### ENTRIES PROVIDED
^^^^

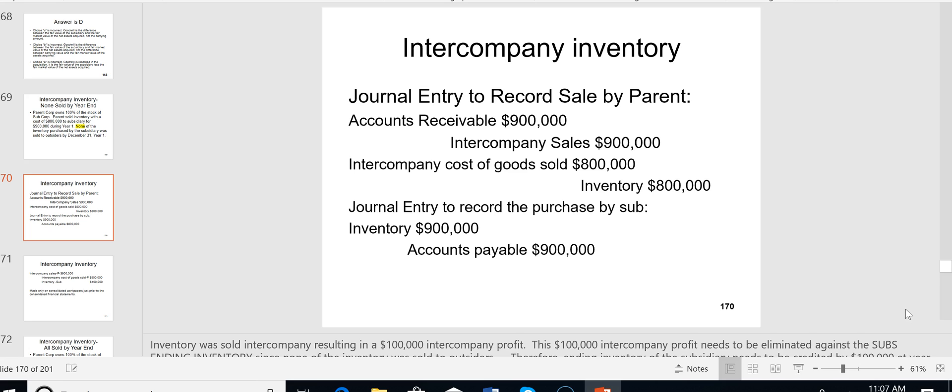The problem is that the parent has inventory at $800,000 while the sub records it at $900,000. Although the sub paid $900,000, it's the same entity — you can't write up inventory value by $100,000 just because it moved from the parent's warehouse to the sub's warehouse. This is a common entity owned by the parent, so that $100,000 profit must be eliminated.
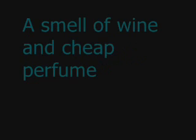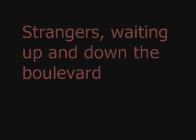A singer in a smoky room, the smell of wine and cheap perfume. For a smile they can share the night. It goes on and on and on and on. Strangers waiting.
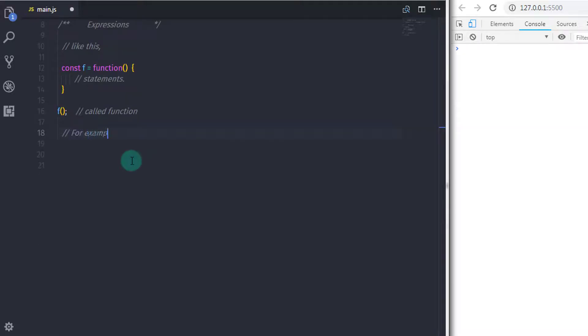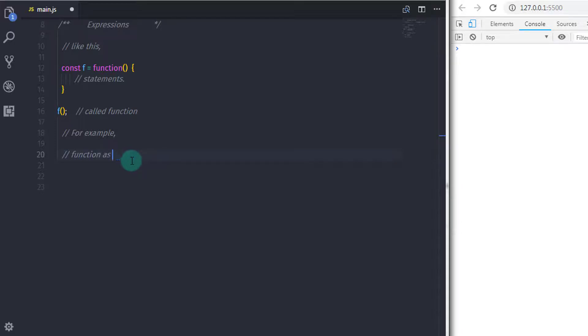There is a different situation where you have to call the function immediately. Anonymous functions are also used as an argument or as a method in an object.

^^^^

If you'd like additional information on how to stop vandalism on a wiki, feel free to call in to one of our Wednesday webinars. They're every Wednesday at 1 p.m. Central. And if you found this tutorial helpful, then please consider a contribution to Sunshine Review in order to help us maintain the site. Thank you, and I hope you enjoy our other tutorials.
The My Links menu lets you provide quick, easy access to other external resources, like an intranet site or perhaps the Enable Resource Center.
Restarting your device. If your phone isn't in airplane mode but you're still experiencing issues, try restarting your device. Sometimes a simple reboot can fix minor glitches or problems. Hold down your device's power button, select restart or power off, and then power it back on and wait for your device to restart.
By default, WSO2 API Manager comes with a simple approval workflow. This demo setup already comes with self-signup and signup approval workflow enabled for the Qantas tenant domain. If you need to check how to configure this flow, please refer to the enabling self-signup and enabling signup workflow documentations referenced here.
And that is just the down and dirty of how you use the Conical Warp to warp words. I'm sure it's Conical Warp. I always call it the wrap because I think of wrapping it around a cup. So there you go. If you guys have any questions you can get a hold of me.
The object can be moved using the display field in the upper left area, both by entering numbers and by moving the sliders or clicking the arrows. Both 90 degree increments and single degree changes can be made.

^^^^

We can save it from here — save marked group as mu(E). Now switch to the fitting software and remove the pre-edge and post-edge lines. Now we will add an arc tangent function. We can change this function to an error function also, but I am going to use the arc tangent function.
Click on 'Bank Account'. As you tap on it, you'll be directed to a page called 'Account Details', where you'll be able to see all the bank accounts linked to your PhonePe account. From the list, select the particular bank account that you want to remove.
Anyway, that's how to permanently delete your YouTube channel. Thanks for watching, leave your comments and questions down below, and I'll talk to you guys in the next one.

^^^^

### PROMPT
In the listing above, the required lines run from the line with "A singer in" through the line with "There is a different". Output exactly those lines, omitting pictures.

### EXERCISE SOLUTION
A singer in a smoky room, the smell of wine and cheap perfume. For a smile they can share the night. It goes on and on and on and on. Strangers waiting.
There is a different situation where you have to call the function immediately. Anonymous functions are also used as an argument or as a method in an object.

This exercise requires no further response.